I’m not sure what ‘oblique misery in exposed aggregate’ actually means, but it’s expressive of the lowering of spirit I experienced when I threaded my wife’s decade old Skoda Octavia TDI Estate into Pepper Street. With low ceilings featuring giant concrete cross members and slit like apertures to let day light dribble in, the place was oppressive.
The Octavia is an old school upper medium model, so reasonably big, but not huge, yet it felt on the large side for Pepper Street, with its sharp turns and narrow parking spaces barely big enough to accommodate the hulking sports utility vehicles that many families favour these days.

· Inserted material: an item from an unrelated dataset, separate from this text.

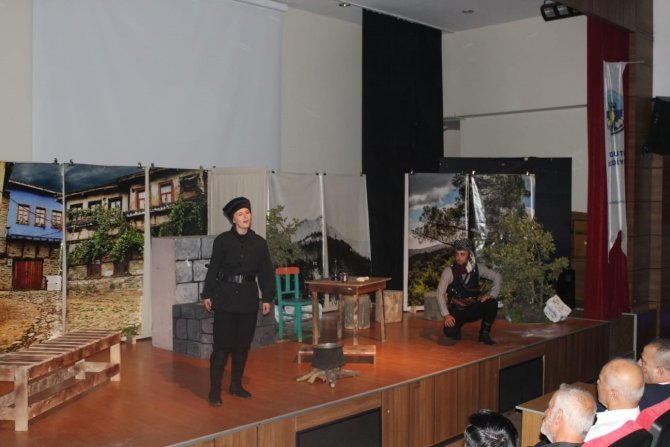 ‘Asker Makbule’ Tiyatro Oyunu Turgutlu’da Sahnelendi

“Breathe in,” I muttered to my beloved as we squeezed past other vehicles and continued our search for a vacant bay. Eventually we found one, and very slowly reversed into it, the clearance between our doors and the neighbouring cars was so insignificant that the manoeuvre put me in mind of toothpaste being squeezed from a tube.
This made getting out of the car somewhat problematic. The doors couldn’t be fully opened, and had to be handled carefully to avoid the risk of banging them into an adjacent car’s flank. It turned out that we were skinny enough to limbo through what gap there was between doors and B-pillars, but extracting the dog from the back seat required contortions that my ageing lower back objected to, which caused my long suffering better half to endure the pain of me moaning about it.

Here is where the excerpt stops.